April 9, 2013

The Flight of Sleipnir - Saga

Review by Justin C.

The Flight of Sleipnir's fourth album, Saga, is aptly named. Over the course of nearly an hour's worth of music, the songs tell an epic story of a sea voyage, a ship wreck, capture by the enemy, imprisonment, and death. In the hands of lesser bands, this could be just another cookie-cutter mythology album, but The Flight of Sleipnir manages to make this old story sound fresh and new again.

Part of their success is certainly due to the tightness of the songwriting. There are no fillers, no pointless interstitial tracks slotted in between the songs. There are some soundtrack touches--the sound of a campfire here, the creaking of snow beneath someone's feet there--but they never overstay their welcome. They add just a bit of atmosphere without making the listener want to skip past them to get back to the real music.

The band's wide-ranging use of different genres and sounds also helps make this such an engaging listen. There are some black metal shrieks, but there's also plenty of clean singing and pretty harmonies. There is plenty of distorted guitar, but there are also acoustic guitar and clean electric guitar lines weaving in and out of each other. It's not black metal, or folk metal, or blackened folk, or really any other subgenre I could name.
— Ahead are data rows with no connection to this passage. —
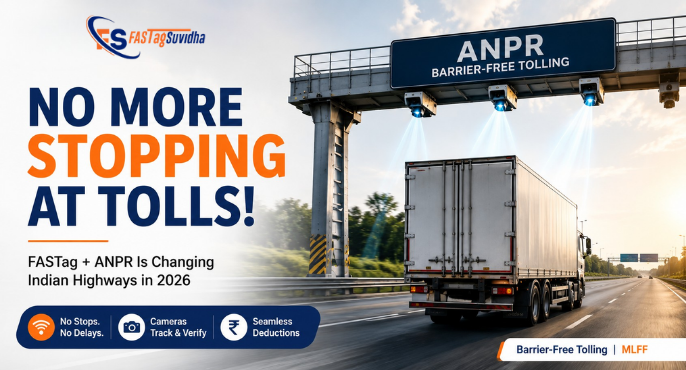 FASTag Suvidha ANPR barrier-free tolling system showing a truck passing under an ANPR gantry on an Indian highway
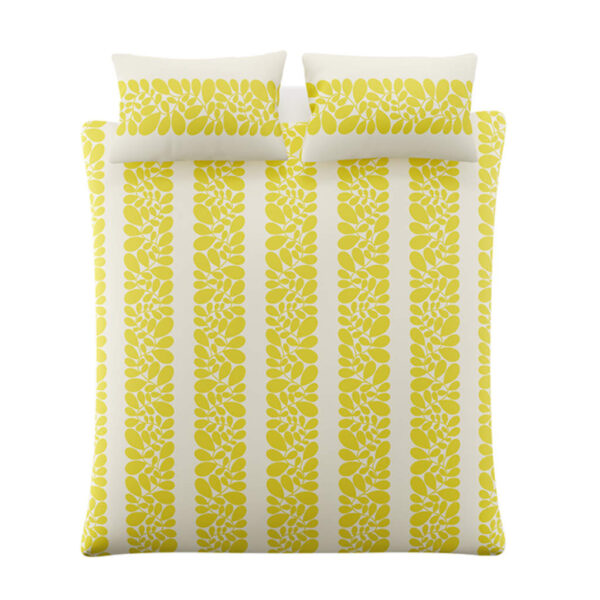 Orla Kiely Sycamore Stripe Yellow Duvet Cover Set Overhead Image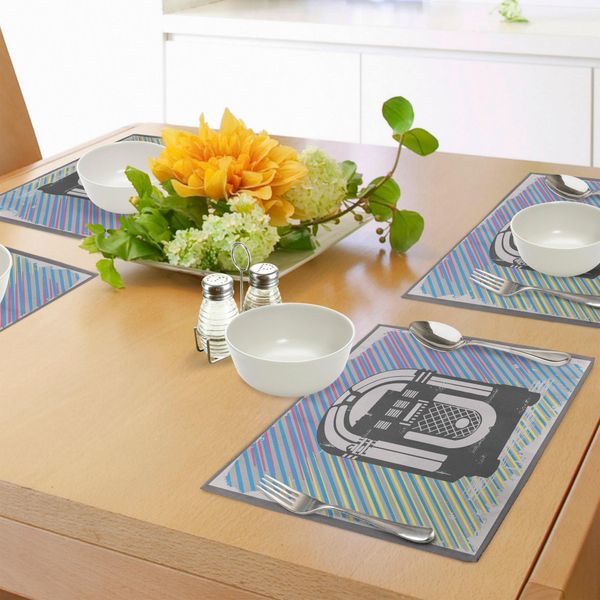 Tovagliette Abakuhaus Musikbox, Radio Party Dark Grey Vintage Carillon Con Immagine Astratta Grunge A Strisce Colorate, Tiscjdeco In Tessuto Resistente Al Lavaggio Per Sala Da Pranzo E Cucina, Multicolore-image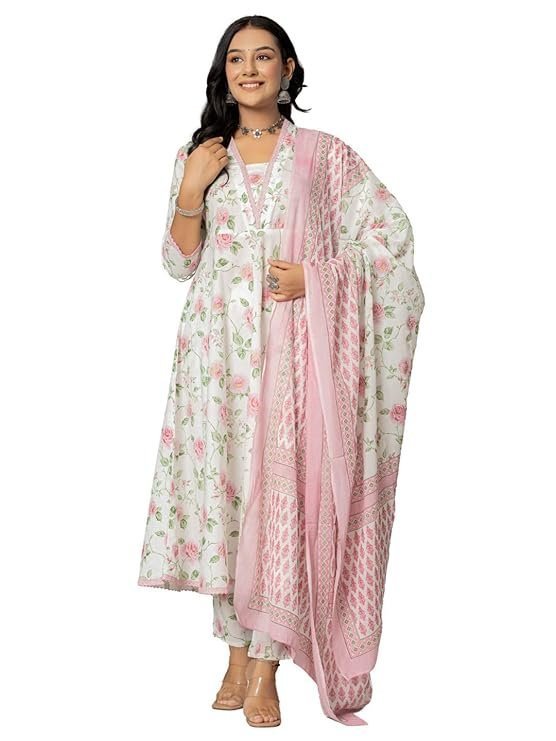 61pPtrqOpL._SY741_.jpg Women's Cotton Printed Anarkali Kurta with Palazzo Pants and Dupatta - Image 1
It's a blend that's uniquely the band's own, and more amazingly, they manage to use all the disparate elements without sounding like two or three bands sharing a split, which is no mean feat. I liked this so much that I even bought the limited edition CD, which almost put me in trouble with the boss. He threatened to take my company car away, but when I explained that I bought the Bandcamp release to hold me over until the physical product shipped, I was back in his good graces again.